Minggu, 02 Juni 2013

Sebuah Hal Bodoh

 Mungkin hal bodoh bukan lah suatu buah, tapi suatu hal, ya, suatu hal. Kali  ini,  silahkan kalian lihat dan baca beberapa hal konyol yang saya lakukan kayak salah ngetik dengan frontal, nanya temen sunat dimana di wall facebook dengan capslcok menyala....

 Berikut satu penjelasan dari halo konyol yang saya lakukan
1. Kalau bukan karena mau sunat, saya belum tentu berbuat begini
     Berawal dari rasa penasaran saya, yang tak puas atas jawaban teman saya. Dasar saya penasaranan, berikut inti percakapan kami :
Saya      : "Lo sunat dimane?"
Teman   : "Sunat senterrrr"
Saya      : "Dimanaa?"
Teman   : "Sunat centreee"
    Padahal bukan itu maskud saya, yang saya maksud, tempat khitan center itu dimana, sekian lama pertanyaan saya belum terjawab, saya dan teman saya alihkan pertanyaan seperti ini :
Saya     : "Rame gak disana?"
Teman  : "Rame, waktu itu, si Adit (temen saya yang lain) juga sunat, aku sama dia ketemuan di sana, dia
               sunatnya kaaknya 5 menit habis aku udah sunat"
(kira kira perckapan saya dengan teman saya waktu itu seperti itulah)
      Hebat juga teman saya, bahkan sekian menitnya pun ia perhitungkan! Saya yakin teman anda jarang yang seperti itu. Hingga sekian lama, saya bosan dengan semua perihal sunat ini, saya sendiri sekarang yang alihkan pertanyaan menjadi "Berapa harganya?" Hm..., pikir pikir saya hebat juga, dari tempat, ramai atau tidak, hingga menit, kami bicarakan bersama, terlalu fantastis untuk hanya sebuah percakapan "sunat".
        Untungnya, tidak ada pikiran di benak saya untuk bertanya bagaimana keadan ***** mu sekarang . Tapi saya hanya bertanya sakit atau tidak, dan pertanyaan normal lainnya. Sepanjang beberapa menit saya habiskan hanya untuk menanyakan sunat dan sunat , dan sunat seterusnya hingga chat kami di facebook selesai.
          Anhnya, ini dia  yang-saya-tak-tahu-kenapa. Tiba - tiba saya berpikiran aneh, sebetulnya tidak. Saya bertanya lagi di dinding facebook dengan sangat sangat konyol overdosis ini, saya mengetik ini di wall facebook teman saya :
"EL, KAMU UDAH SUNAT? DIMANA?"
ya, itulah speertinya kalau tak salah yang saya ketik waktu itu
(Hei, saya waktu itu masih kecil, jadi jangan kira saya masih melakukan itu sekarang.)

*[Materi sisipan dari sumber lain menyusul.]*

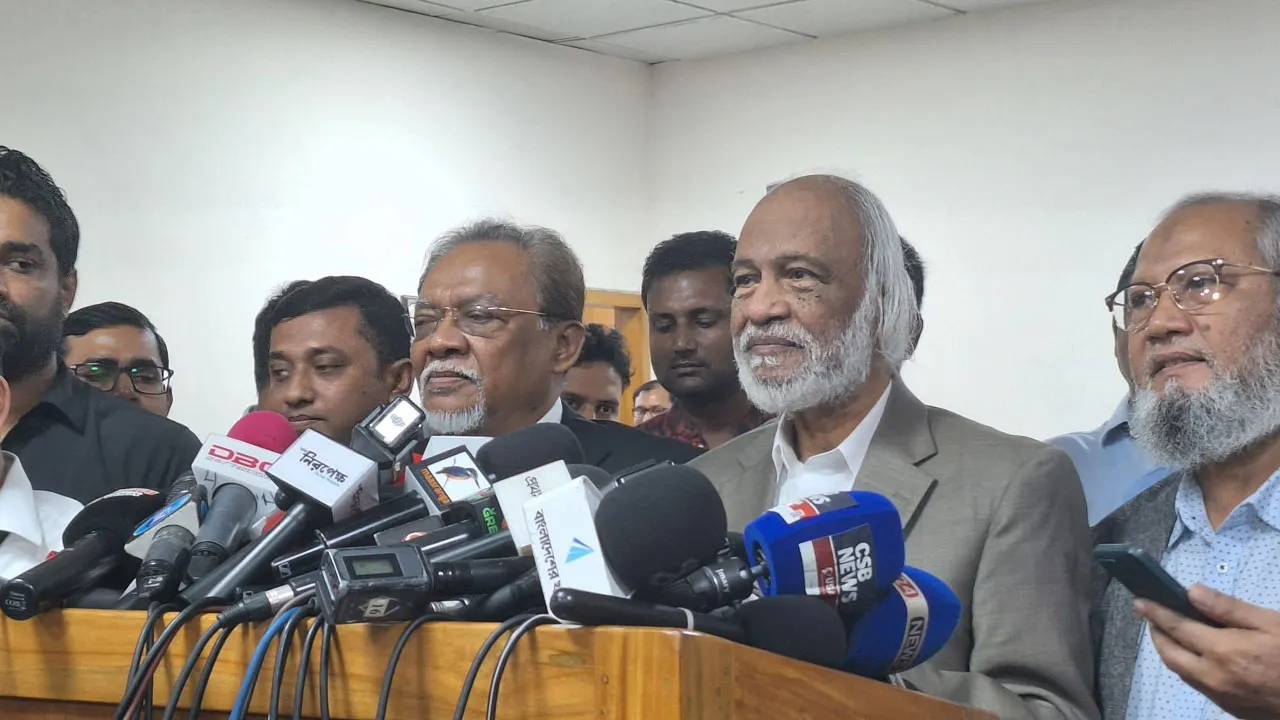 Keep controversial officials out of election process: Moyeen Khan to CEC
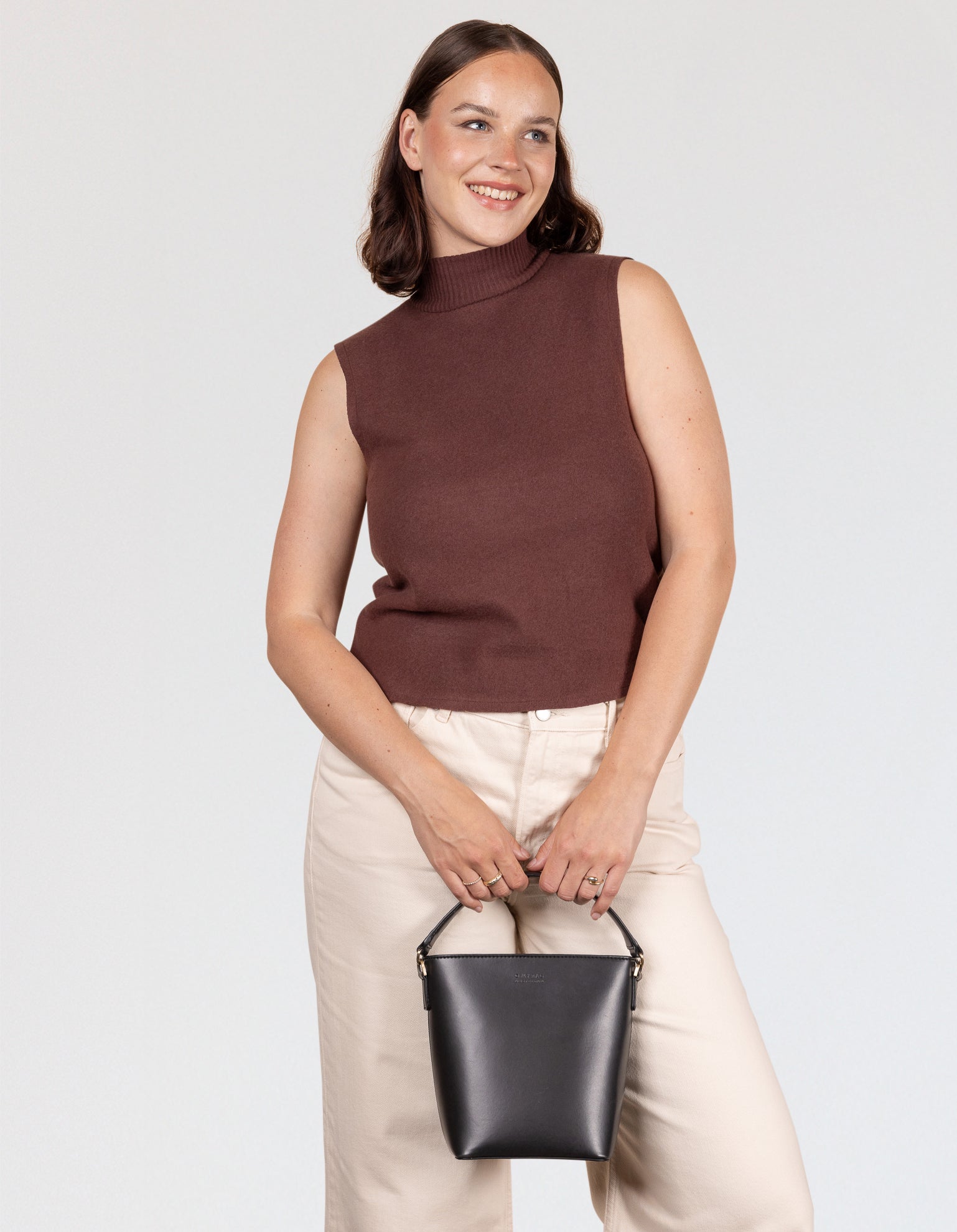 Bobbi Bucket Bag Midi - Black Vegan Uppeal™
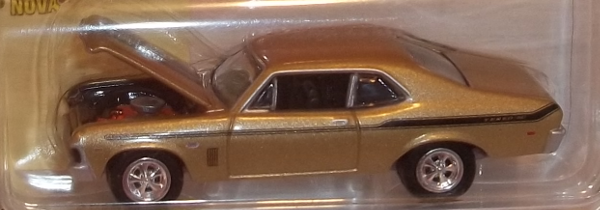 Johnny Lightning Super Chevy 1969 metallic gold Chevy Yenko Nova CLOSEUP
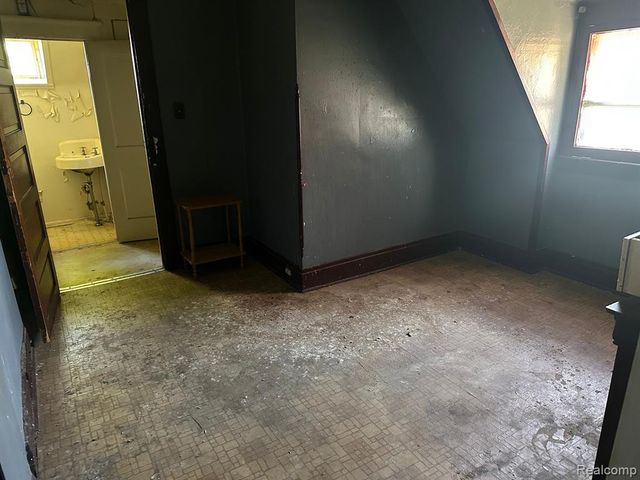 1009 Oak Street, Flint, MI 48503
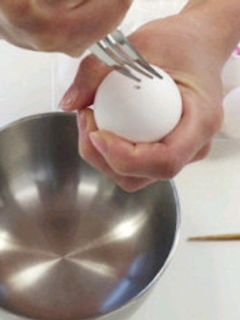 たまごの中身を抜く方法-レシピのメイン写真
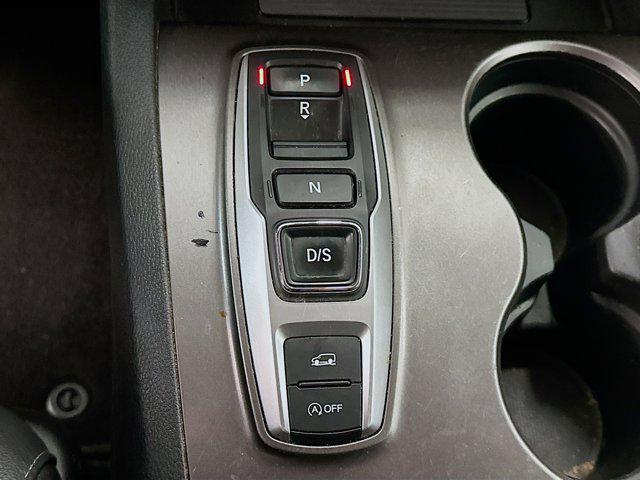 used 2022 Honda Pilot car, priced at $28,996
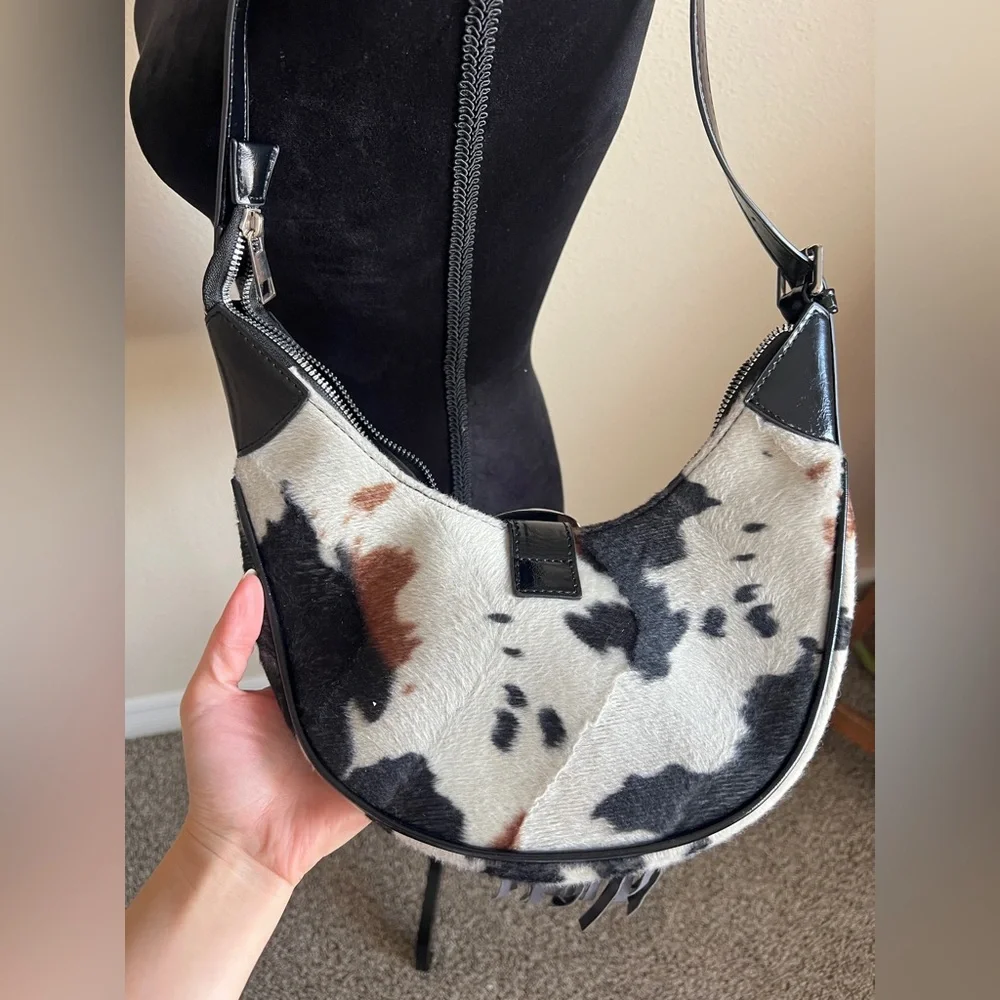 Fringed Black Leather & Cowhide Shoulder Bag with Western Buckle - Picture 6 of 7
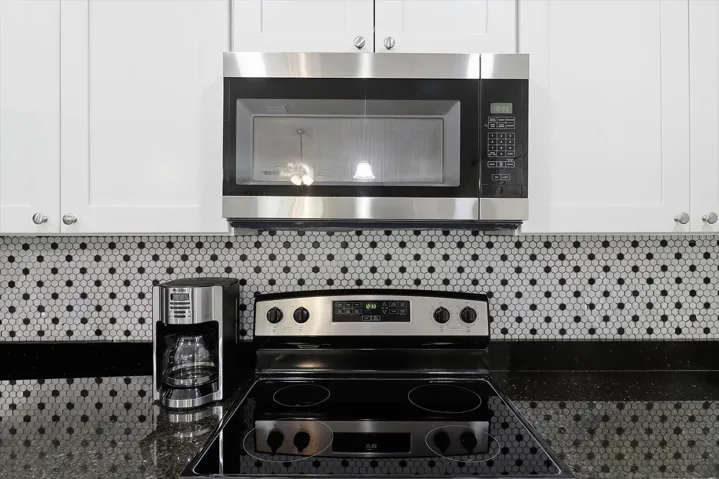 Microwave Over Electric Range... Hexagon Mosaic Tiled Backsplash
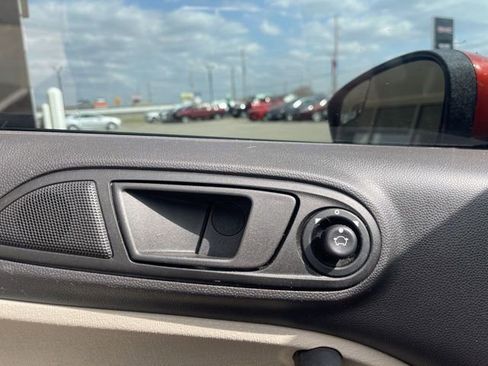 Used 2019 Ford Fiesta SE image 20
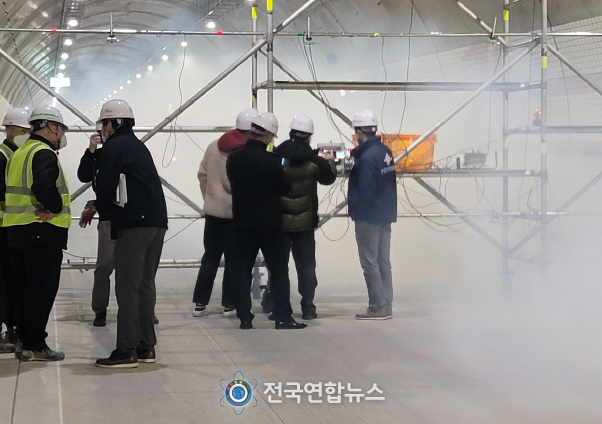 지난 18일 밤 진행된 보령해저터널 제연설비 성능시험(TAB) 장면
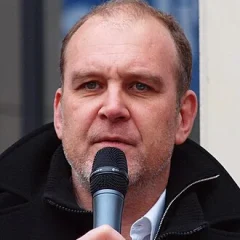 Jörg Schmadtke height profile photo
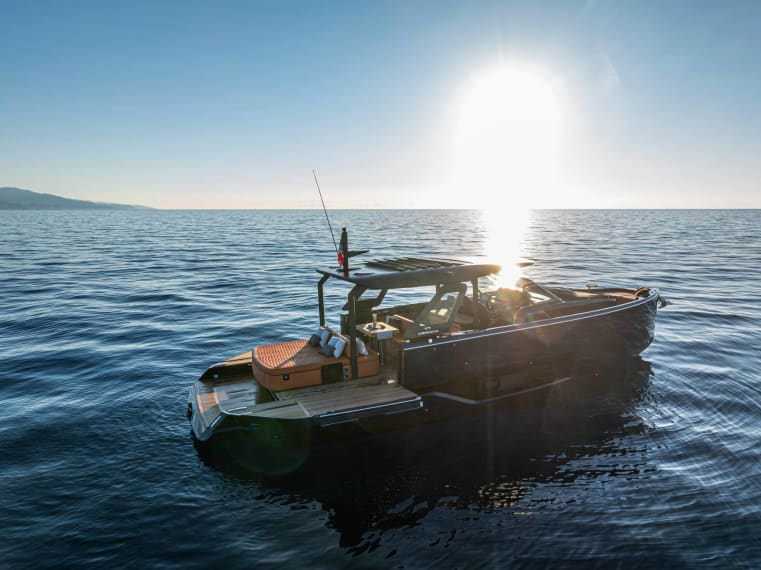 20-A46 Luxury Tender - Blu Murano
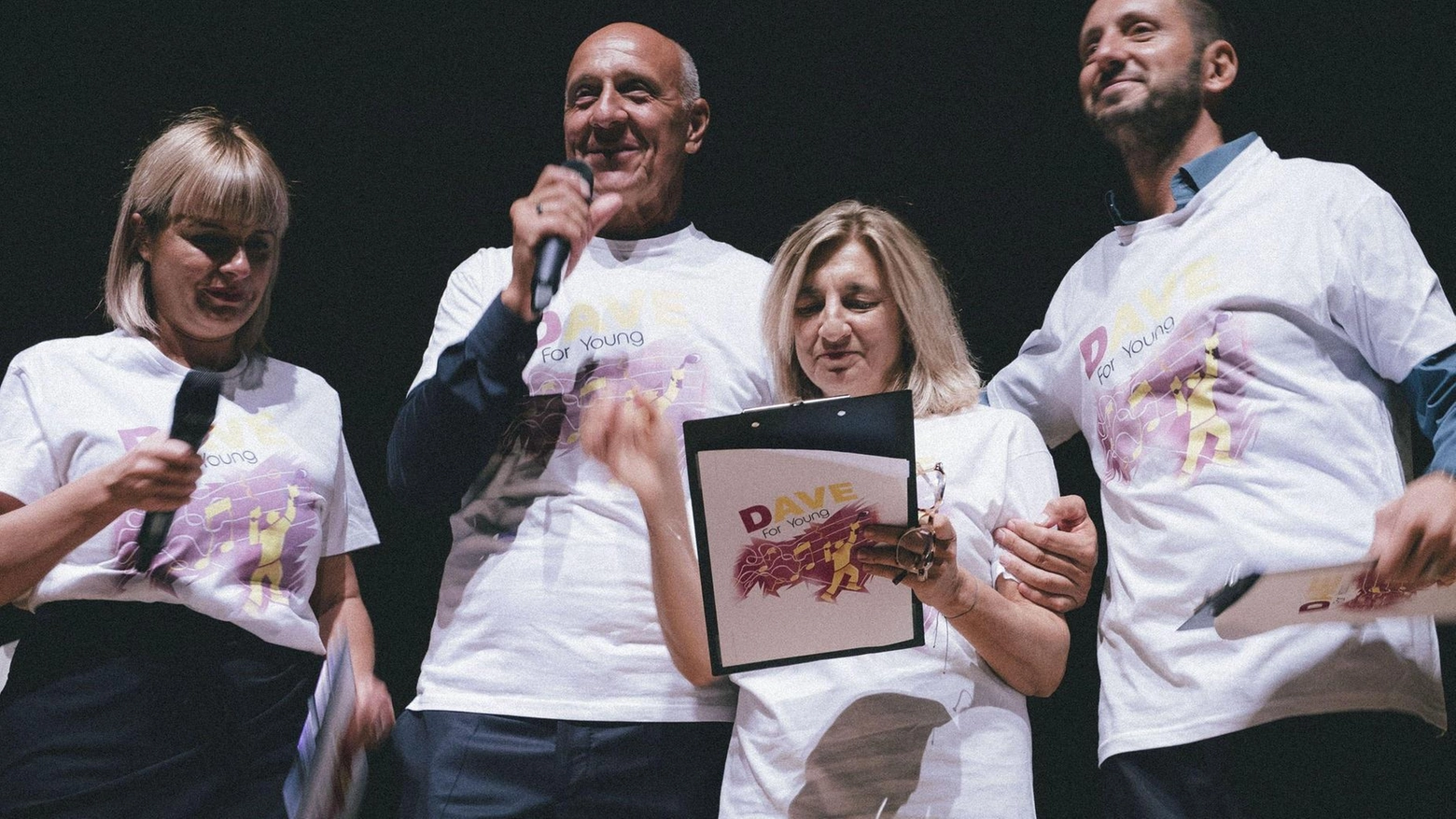 “Aiutiamoli“: la salute mentale in 250 poesie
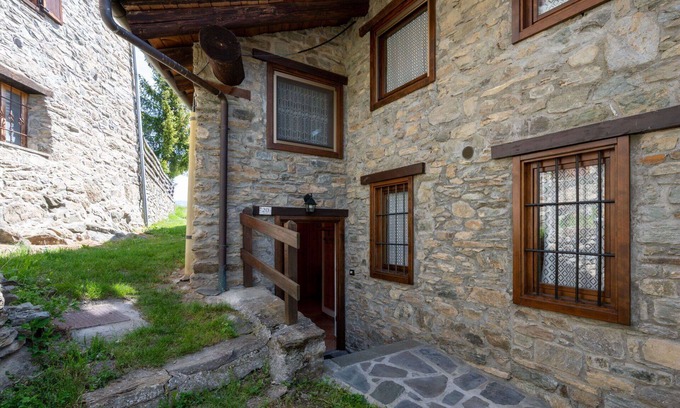 Sarre Appartement | Joli appartement pour 6 personnes avec TV et balcon, près de Aoste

 Lucunya, saat waktu itu saya bertanya sunat dimana pada teman saya, dia menjawab tempatnya di semarang (tempat saya tinggal). Tapi jauh dari semua itu, saya malah mencari tempat di......... Jakarta.
Dan setelah menemukan website nya, esoknya saya langsung menuju ke tempatnya.

Sabtu, 01 Juni 2013

"Mainstream" Wor(l)d

 MAINSTREAM. Sebenrnya saya juga tak tau pasti apa makna sebnarnya dari mainstream. Tapi, dilihat dari akun twitter saya dan timeline, penggunaan kata mainstream diartikan sebagai kata "sudah biasa". Seperti contoh tweet orang dibawah ini "
- "Suwung terlalu mainstream"
Hmm...., memang benar juga, kata kata suwung sudah sangatlah terlalu mainstream, atau saya sebut overdosis manistream. Namun, kalau boleh saya sedikit menyindir, setelah saya lihat tweet orang yang berkata suwung terlalu mainstream, tetap saja, isi TimeLine mereka dihiasi oleh kata tadi, suwung, ya, suwung.

 2 kata terlalu mainstream lainnya di tweet orang, ada "Test" > Kata pertama saat membuka twitter bagi sebagian orang, dan kata "EXIT" > Kata terakhir ketika kita akan log out. Namun sama saja, walaupun ada orang yang berkata di dunia maya "2 kata tersebut terlalu membosankan dan mainstream", yakinlah saja, mereka sebagian besar (mungkin) juga mengeluarkan sebuah tweet yang terdapat kata test dan exit

 Maaf atas sindiran saya yang diatas bagi anda yang merasa. Karena saya juga pernah melakukan, ngetweet kata kata membosankan. Walaupun sudah tidak saya lakukan!